__THE TASK__
In the material below, find the line containing "Koffietijd met een Dalmatiër!" and the line containing "Crystal-embellished leather ballet", then reproduce exactly both of them and every line between, and nothing else.

__AVAILABLE DATA__
::::

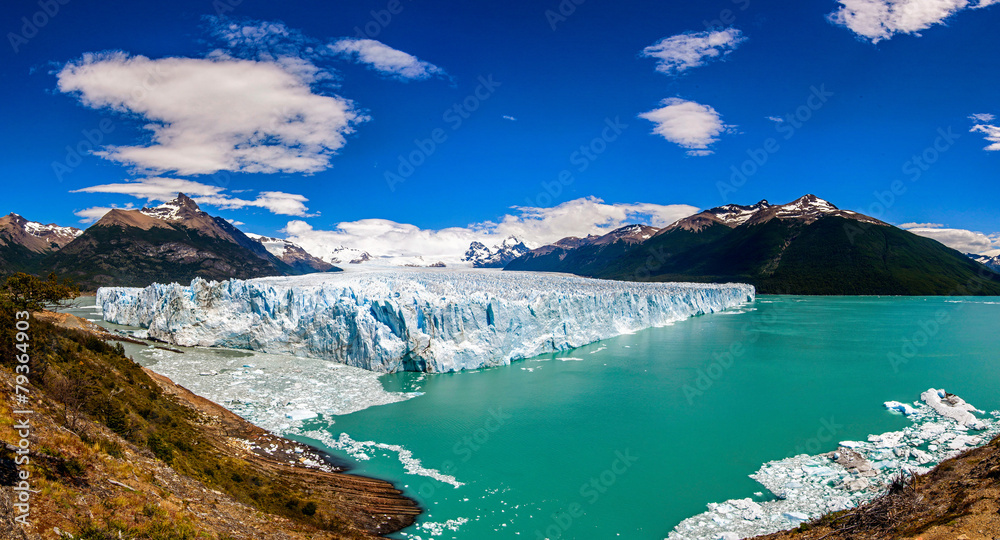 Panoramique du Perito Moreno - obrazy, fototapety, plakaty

::::

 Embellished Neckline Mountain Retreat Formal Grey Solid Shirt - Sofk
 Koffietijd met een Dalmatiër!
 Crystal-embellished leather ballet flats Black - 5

::::

__SOLUTION FOR THIS EXERCISE__
 Koffietijd met een Dalmatiër!
 Crystal-embellished leather ballet flats Black - 5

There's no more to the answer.